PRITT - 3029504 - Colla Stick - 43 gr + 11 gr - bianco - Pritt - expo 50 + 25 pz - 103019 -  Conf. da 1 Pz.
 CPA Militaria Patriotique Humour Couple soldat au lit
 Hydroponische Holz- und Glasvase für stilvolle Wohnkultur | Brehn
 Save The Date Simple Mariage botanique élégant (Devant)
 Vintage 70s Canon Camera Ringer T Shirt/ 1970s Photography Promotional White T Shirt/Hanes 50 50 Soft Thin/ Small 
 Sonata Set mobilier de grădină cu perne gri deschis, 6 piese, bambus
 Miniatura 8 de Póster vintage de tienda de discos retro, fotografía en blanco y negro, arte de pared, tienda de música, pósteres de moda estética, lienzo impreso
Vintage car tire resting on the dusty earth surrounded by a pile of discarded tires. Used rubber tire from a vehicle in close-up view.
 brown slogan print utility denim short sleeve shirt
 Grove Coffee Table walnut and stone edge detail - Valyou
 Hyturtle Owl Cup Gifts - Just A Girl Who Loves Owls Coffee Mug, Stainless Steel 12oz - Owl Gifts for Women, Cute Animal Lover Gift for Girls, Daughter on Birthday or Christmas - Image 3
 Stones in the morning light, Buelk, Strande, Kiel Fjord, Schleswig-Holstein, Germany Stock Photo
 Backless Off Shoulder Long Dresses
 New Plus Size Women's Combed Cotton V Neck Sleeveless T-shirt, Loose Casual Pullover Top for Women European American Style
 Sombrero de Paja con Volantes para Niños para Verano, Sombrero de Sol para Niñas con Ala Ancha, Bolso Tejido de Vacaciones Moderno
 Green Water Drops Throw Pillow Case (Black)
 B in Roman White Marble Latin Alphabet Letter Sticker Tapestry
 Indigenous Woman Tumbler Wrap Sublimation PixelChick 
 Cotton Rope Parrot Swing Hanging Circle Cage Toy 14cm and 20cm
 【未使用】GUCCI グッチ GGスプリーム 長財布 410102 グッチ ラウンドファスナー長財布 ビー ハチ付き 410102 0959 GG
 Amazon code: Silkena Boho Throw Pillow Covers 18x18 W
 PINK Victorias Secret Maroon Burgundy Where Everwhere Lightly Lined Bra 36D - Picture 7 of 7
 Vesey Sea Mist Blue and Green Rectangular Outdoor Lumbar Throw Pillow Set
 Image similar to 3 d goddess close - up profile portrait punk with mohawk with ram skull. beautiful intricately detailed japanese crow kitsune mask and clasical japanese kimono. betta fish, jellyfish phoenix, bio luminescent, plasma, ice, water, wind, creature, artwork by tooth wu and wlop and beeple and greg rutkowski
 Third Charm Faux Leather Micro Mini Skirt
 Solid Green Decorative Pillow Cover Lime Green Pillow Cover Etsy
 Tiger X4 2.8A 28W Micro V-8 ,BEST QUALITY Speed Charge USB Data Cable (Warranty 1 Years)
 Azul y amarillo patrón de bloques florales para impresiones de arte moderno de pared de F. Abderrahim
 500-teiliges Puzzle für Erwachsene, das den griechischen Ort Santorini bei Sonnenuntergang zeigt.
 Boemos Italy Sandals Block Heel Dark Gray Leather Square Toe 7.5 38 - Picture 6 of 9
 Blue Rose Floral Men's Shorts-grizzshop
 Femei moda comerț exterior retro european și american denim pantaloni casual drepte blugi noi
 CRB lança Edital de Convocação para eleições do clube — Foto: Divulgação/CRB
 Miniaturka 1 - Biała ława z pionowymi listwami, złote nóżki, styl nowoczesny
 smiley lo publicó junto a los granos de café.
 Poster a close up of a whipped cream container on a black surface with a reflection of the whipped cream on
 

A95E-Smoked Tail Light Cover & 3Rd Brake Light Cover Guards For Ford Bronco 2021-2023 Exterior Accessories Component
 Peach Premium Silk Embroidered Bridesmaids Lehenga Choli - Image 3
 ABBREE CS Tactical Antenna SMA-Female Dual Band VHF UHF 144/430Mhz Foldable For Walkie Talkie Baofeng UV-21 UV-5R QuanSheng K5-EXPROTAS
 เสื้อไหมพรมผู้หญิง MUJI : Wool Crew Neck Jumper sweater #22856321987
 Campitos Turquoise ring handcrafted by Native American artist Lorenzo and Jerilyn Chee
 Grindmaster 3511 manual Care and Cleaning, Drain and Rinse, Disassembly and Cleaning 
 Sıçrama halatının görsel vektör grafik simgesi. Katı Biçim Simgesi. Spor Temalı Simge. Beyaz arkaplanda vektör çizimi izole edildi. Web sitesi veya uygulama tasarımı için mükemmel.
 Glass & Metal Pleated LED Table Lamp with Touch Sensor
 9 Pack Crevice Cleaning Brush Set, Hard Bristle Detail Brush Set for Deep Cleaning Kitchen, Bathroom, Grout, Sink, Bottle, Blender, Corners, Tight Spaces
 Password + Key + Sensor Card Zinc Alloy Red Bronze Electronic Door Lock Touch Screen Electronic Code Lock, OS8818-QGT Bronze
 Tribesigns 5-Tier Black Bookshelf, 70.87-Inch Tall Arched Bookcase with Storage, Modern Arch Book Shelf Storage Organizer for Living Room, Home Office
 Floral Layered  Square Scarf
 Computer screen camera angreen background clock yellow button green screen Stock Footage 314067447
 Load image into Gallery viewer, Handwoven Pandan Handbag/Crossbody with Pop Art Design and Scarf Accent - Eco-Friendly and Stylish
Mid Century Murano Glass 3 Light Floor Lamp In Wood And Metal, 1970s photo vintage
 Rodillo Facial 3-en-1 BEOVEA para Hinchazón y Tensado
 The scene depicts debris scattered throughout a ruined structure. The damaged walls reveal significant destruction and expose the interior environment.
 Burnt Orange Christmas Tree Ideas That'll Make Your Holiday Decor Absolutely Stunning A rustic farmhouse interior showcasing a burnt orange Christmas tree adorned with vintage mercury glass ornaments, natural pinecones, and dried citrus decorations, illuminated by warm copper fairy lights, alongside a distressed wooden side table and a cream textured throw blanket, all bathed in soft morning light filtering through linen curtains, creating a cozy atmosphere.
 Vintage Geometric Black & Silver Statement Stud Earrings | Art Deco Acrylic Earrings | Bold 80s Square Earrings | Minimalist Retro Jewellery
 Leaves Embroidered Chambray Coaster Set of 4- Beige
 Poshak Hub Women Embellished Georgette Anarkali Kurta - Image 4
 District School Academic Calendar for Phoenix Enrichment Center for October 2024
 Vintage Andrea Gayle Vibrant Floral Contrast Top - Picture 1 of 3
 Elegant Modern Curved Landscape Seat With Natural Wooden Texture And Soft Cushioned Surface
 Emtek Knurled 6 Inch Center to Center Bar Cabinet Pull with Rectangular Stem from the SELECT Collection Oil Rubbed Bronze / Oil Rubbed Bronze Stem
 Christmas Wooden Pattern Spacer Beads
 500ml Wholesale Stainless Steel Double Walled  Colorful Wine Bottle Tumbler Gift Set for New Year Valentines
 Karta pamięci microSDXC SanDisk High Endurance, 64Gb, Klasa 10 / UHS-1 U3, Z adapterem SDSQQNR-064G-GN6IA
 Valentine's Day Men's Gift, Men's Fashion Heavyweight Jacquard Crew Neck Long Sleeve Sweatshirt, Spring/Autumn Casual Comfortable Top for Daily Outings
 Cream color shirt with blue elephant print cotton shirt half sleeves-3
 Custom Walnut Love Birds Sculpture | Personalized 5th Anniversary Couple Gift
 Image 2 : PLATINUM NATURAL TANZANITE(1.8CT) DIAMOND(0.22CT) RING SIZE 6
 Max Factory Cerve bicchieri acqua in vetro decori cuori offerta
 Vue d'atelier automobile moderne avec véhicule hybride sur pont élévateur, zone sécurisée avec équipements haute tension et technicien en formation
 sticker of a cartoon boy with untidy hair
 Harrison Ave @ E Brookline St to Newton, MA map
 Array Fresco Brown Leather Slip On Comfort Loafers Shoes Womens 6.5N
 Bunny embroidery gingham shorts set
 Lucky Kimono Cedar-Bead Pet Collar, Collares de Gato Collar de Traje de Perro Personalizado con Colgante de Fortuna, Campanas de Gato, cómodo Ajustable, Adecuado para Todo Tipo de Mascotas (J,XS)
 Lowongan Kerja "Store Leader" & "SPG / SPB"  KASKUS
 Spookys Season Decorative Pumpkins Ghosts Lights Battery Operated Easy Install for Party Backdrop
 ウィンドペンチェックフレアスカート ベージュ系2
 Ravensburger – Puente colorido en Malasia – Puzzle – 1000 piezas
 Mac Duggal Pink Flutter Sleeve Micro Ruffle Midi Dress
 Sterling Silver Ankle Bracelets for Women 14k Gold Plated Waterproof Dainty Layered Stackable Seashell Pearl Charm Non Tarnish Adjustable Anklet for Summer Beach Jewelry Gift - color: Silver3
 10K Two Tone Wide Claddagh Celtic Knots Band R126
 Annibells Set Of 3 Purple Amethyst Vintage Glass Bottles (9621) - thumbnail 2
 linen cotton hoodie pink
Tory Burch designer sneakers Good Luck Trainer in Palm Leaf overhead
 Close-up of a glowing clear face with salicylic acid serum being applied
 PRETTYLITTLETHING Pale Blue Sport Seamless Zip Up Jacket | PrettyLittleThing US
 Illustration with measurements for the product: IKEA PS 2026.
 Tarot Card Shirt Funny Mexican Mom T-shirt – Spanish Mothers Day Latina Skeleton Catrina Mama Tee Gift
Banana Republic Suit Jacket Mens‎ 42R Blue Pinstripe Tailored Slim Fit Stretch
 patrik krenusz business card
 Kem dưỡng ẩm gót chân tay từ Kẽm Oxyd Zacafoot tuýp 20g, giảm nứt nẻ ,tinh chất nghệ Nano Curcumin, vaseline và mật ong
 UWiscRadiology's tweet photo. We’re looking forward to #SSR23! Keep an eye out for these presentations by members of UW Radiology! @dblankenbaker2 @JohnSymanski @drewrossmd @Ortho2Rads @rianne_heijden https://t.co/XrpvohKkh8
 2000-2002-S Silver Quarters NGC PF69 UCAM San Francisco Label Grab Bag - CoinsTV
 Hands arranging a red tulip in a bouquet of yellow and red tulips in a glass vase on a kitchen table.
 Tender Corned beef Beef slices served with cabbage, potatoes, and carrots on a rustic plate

☆ ☆ ☆

**Activity:**
Please copy exactly, and only, the lines from the line containing "patrik krenusz business card" through the last line of the records, with both ends included.

**Task result:**
 patrik krenusz business card
 Kem dưỡng ẩm gót chân tay từ Kẽm Oxyd Zacafoot tuýp 20g, giảm nứt nẻ ,tinh chất nghệ Nano Curcumin, vaseline và mật ong
 UWiscRadiology's tweet photo. We’re looking forward to #SSR23! Keep an eye out for these presentations by members of UW Radiology! @dblankenbaker2 @JohnSymanski @drewrossmd @Ortho2Rads @rianne_heijden https://t.co/XrpvohKkh8
 2000-2002-S Silver Quarters NGC PF69 UCAM San Francisco Label Grab Bag - CoinsTV
 Hands arranging a red tulip in a bouquet of yellow and red tulips in a glass vase on a kitchen table.
 Tender Corned beef Beef slices served with cabbage, potatoes, and carrots on a rustic plate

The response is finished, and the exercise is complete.